EKR wrote:

> At Mon, 14 Apr 2008 12:30:02 -0700,
> Dan Wing wrote:
> > > You write: 
> > > 
> > >   We need to sign it, because SRTP-DTLS relies on the 
> > > signature in order  
> > >   to protect the fingerprint of the media key from MITM attacks.
> > > 
> > > This isn't quite correct. As long as one side verifies the other
> > > side's identity, than MITM attacks get blocked, because 
> an MITM attack
> > > requires replacing keys in both directions with the attacker's
> > > key. Consider the following example, in which Alice is 
> calling Bob,
> > > but for some reason her fingerprint isn't signed:
> > > 
> > > 
> > > Alice                      Attacker                    Bob
> > > ----------------------------------------------------------
> > > Fingerprint=X (unsigned) ->
> > >                                Fingerprint=A (unsigned) ->
> > >                                
> > >                             <- Fingerprint=Z (signed, Bob)
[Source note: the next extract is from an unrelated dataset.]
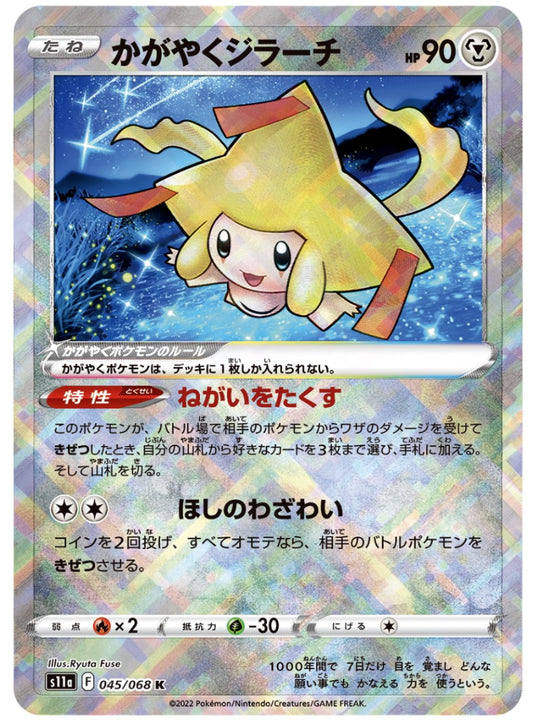 Pokémon TCG Japan: Incandescent Arcana Preview: Radiant Alakazam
> > > <- Fingerprint=Z (signed, Bob)
> > > 
> > > So, Bob has no reliable way of knowing Alice's identity. However,
> > > that's not sufficient to mount an MITM attack, which 
> required that the
> > > attacker to replace Bob's key Z with his own key A. But 
> he can't do
> > > that without replacing Bob's fingerprint, which would require the
> > > ability to sign a message from Bob [0].
> > 
> > I think this analysis is optimistic regarding Alice's behavior.
> > 
> > Taking a less optimistic approach:
> > 
> > As shown in your diagram, Alice generates a message that is not
> > signed (due to misconfiguration or some other reason).  Due to
> > Alice's already-defective configuration, Alice may not expect
> > Bob's message to be signed, and thus the attacker could 
> > simply strip Bob's signature, replace Bob's a=fingerprint, and
> > successfully be a MitM. Furthermore, Alice cannot assume that
> > Bob implements Connected-Identity, so Alice can't really assume
> > that Bob *will* generate a signature at all.  Or do we require
> > Connected-Identity in the DTLS framework, and require receipt
> > of that Connected-Identity-signed message before the call is
> > completed (using security-preconditions, perhaps)?
> 
> I think you're making life much more complicated than it needs to be
> for the attacker. The attacker can simply pretend to be Bob, not
> generate a signature, and pretend he is only willing to speak RTP.
> 
> There are two issues that need to be disentangled here:
> 
> - What you display on your UI
> - What causes your UA to terminate the connection
> 
> Given that at the initial deployment of this system the vast majority
> of users will not have any cryptographic capability of any kind,
> I would expect that most UAs will be willing to place or
> accept phone calls with at least the following sets of people
> (people who won't do any crypto, people who do RFC 4474 but
> not DTLS-SRTP, people who will do DTLS-SRTP but without
> RFC 4474 signatures, people who will do DTLS-SRTP with 
> RFC 4474 signatures). The best we can expect is that the UI
> will clearly differentiate these three cases so the user can
> do something meaningful if they care. The only case where I
> would expect the UA to automatically drop the call is if there
> were some clear cryptographic failure, e.g., the fingerprints
> didn't match.
> 
> At some point in the future once there is reasonable deployment,
> then it may become reasonable for users to configure their 
> endpoints to only place or accept phone calls from people who
> do some level of crypto. I can imagine a number of reasonable
> profiles, depending on what threats you were most concerned
> with. But this seems clearly up to the individual deployment.
> 
> That said, it's clearly the case that if you want to be able
> to verify the identity of the person you called, you're going
> to need some RFC 4474-like thing from them, whether it's 4916,
> 4474 w/ outbound, S/MIME, or whatever.

I agree with all those points.  Thanks.